____ INPUT RECORDS

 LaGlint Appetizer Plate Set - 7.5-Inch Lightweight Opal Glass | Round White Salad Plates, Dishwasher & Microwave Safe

________
____ INPUT RECORDS

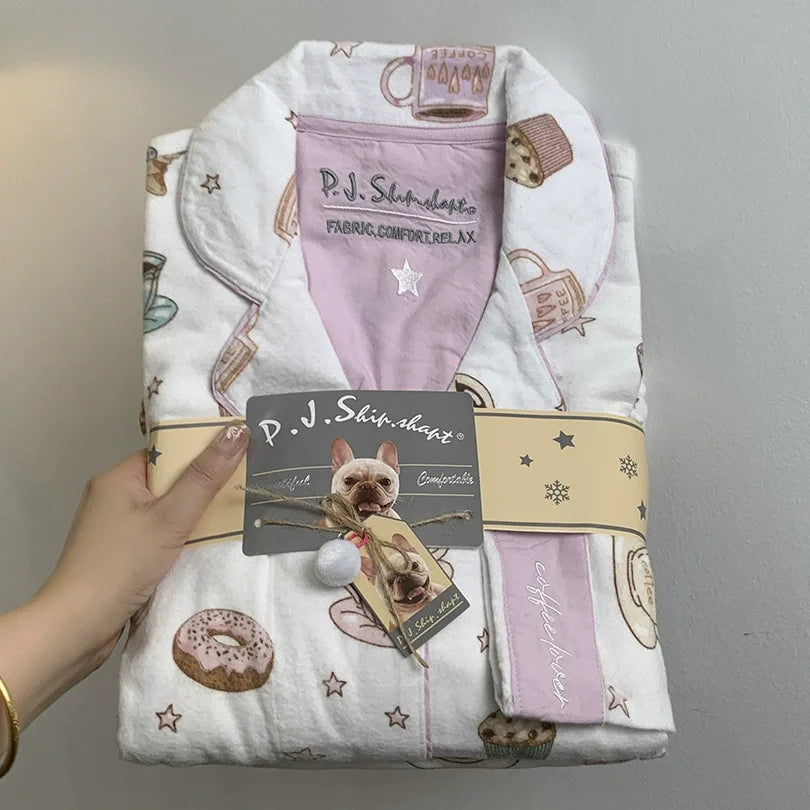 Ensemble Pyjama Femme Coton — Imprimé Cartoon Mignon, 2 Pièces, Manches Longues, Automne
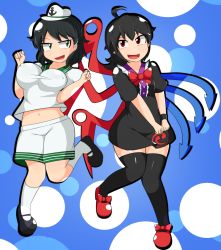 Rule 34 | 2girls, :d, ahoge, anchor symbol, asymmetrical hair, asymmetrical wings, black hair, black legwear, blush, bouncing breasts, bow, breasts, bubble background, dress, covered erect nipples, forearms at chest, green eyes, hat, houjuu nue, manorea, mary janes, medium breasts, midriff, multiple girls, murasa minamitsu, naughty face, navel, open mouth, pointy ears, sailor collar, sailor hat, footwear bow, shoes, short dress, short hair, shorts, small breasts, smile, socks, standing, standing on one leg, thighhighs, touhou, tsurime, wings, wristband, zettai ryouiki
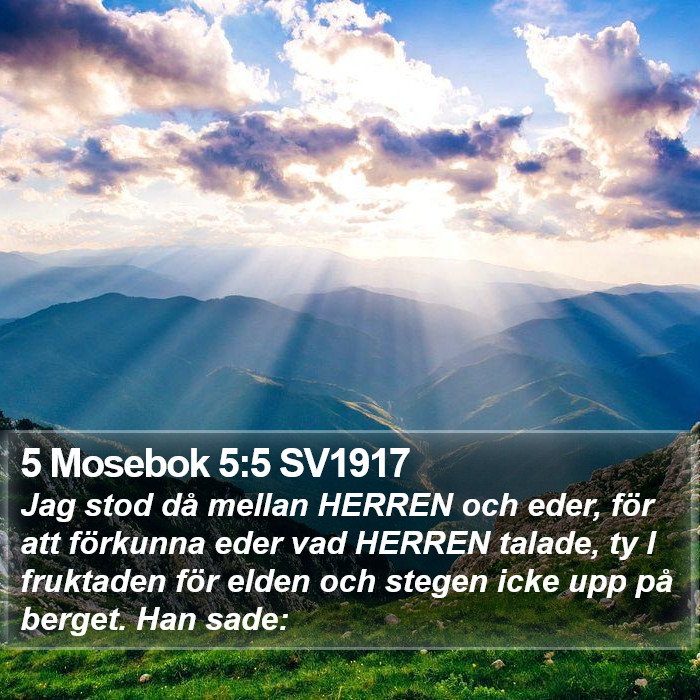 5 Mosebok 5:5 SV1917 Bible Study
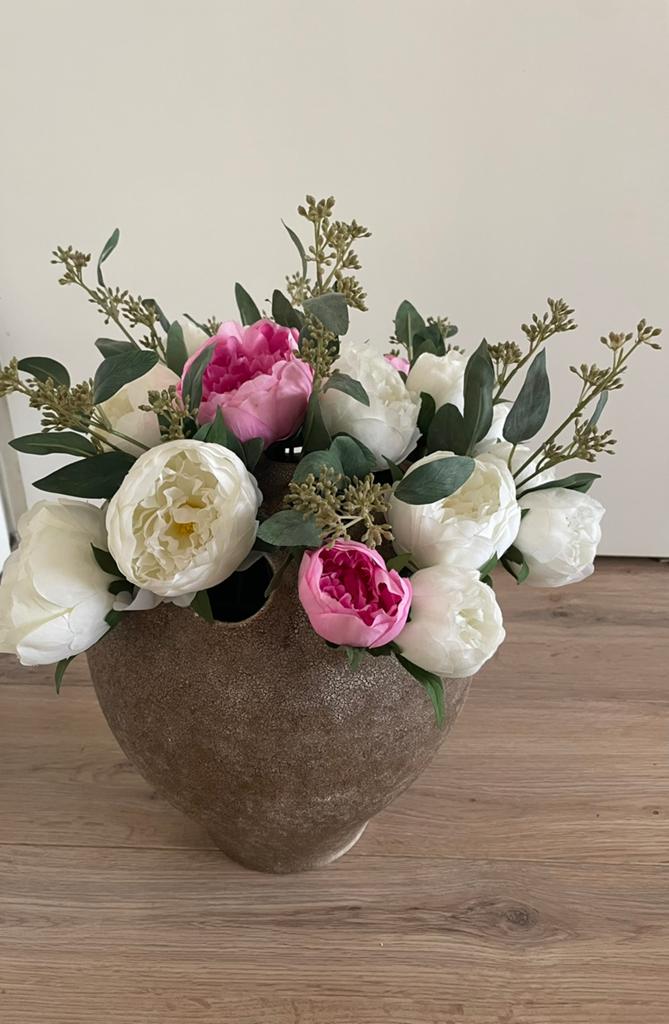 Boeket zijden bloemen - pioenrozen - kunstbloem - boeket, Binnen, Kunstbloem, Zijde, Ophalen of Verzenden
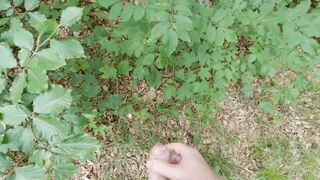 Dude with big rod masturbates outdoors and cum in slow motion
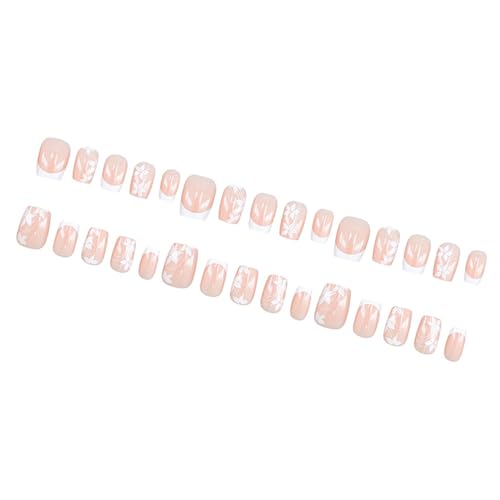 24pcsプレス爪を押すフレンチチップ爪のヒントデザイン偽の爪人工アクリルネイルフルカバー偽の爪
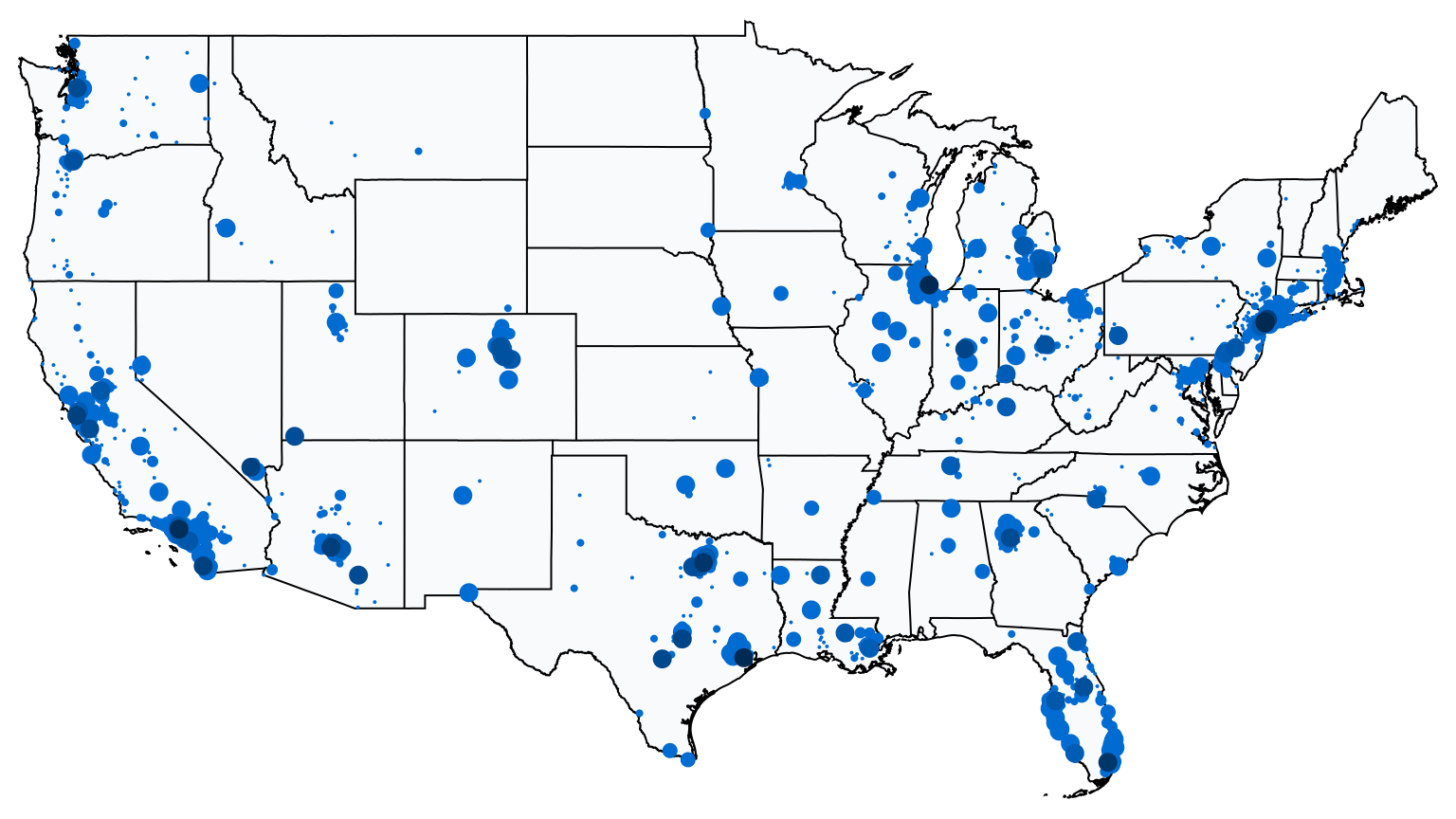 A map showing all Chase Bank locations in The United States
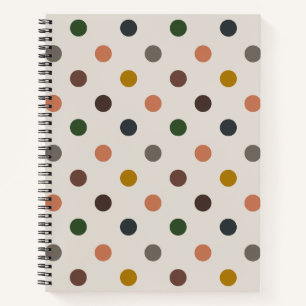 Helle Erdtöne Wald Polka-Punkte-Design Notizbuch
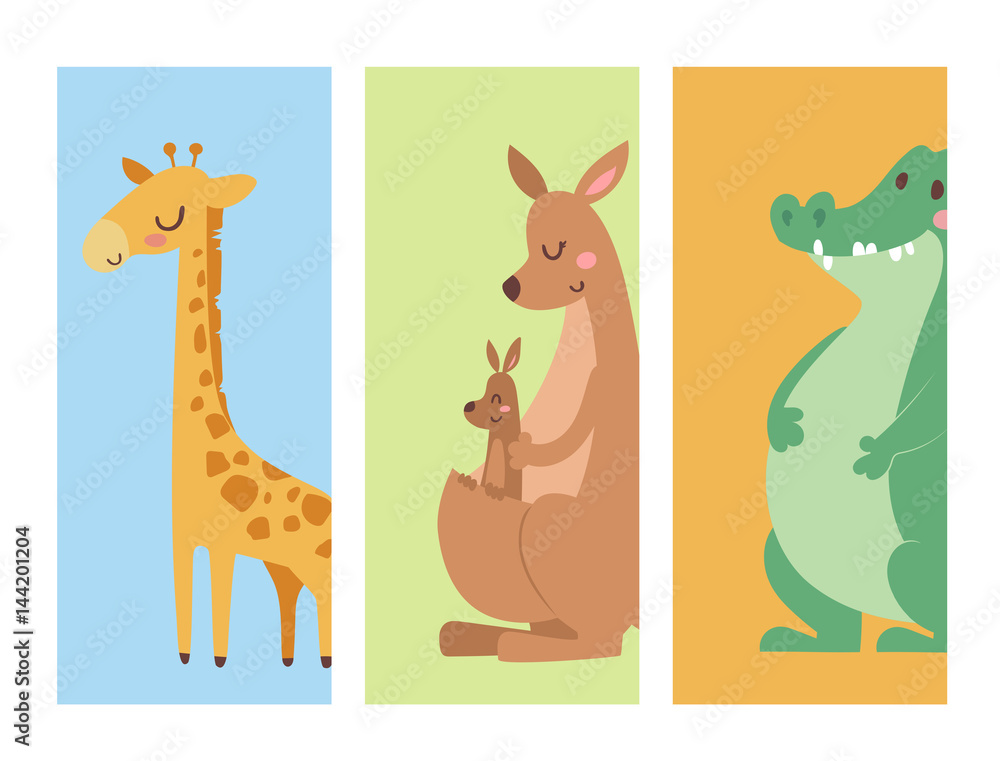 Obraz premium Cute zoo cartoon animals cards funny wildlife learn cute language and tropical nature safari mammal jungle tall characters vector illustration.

________
____ INPUT RECORDS

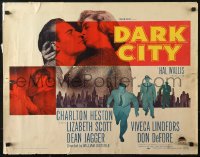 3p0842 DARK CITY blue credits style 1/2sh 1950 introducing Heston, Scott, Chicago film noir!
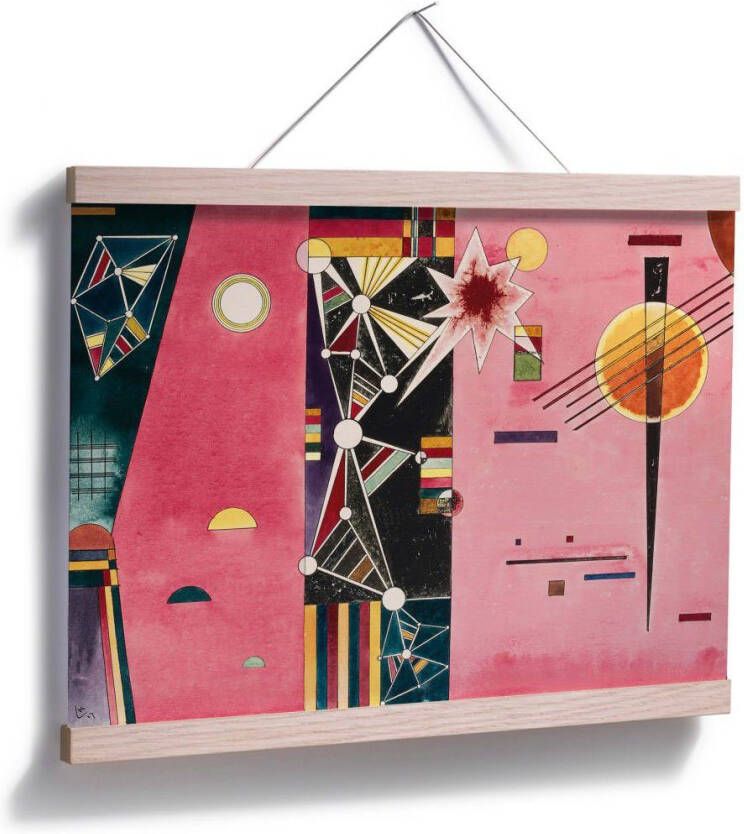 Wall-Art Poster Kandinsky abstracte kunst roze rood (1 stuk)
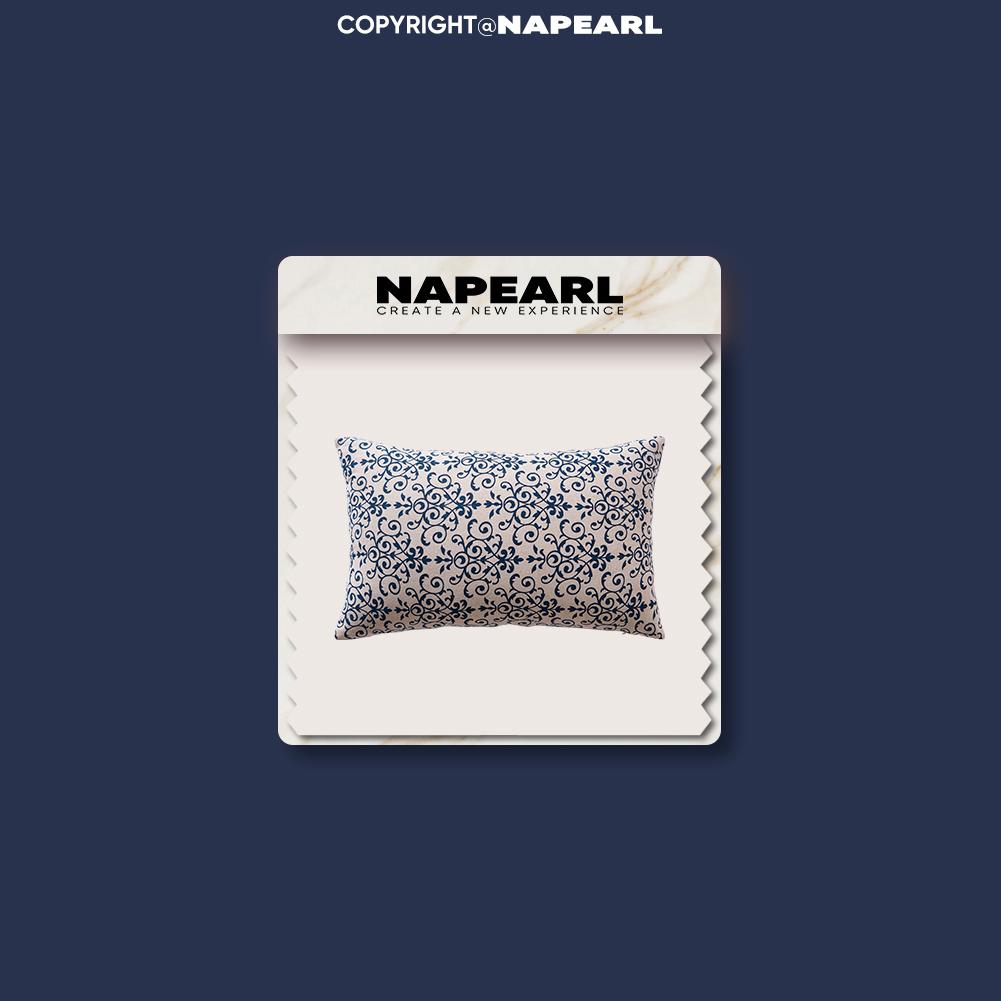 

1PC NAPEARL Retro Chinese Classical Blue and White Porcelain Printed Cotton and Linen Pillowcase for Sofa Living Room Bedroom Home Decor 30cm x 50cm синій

________

PROBLEM => Each line above from the one containing "24pcsプレス爪を押すフレ" through the one containing "Helle Erdtöne Wald" is to be returned verbatim. Nothing else, and no pictures.

WRITTEN REPLY =>
 24pcsプレス爪を押すフレンチチップ爪のヒントデザイン偽の爪人工アクリルネイルフルカバー偽の爪
 A map showing all Chase Bank locations in The United States
 Helle Erdtöne Wald Polka-Punkte-Design Notizbuch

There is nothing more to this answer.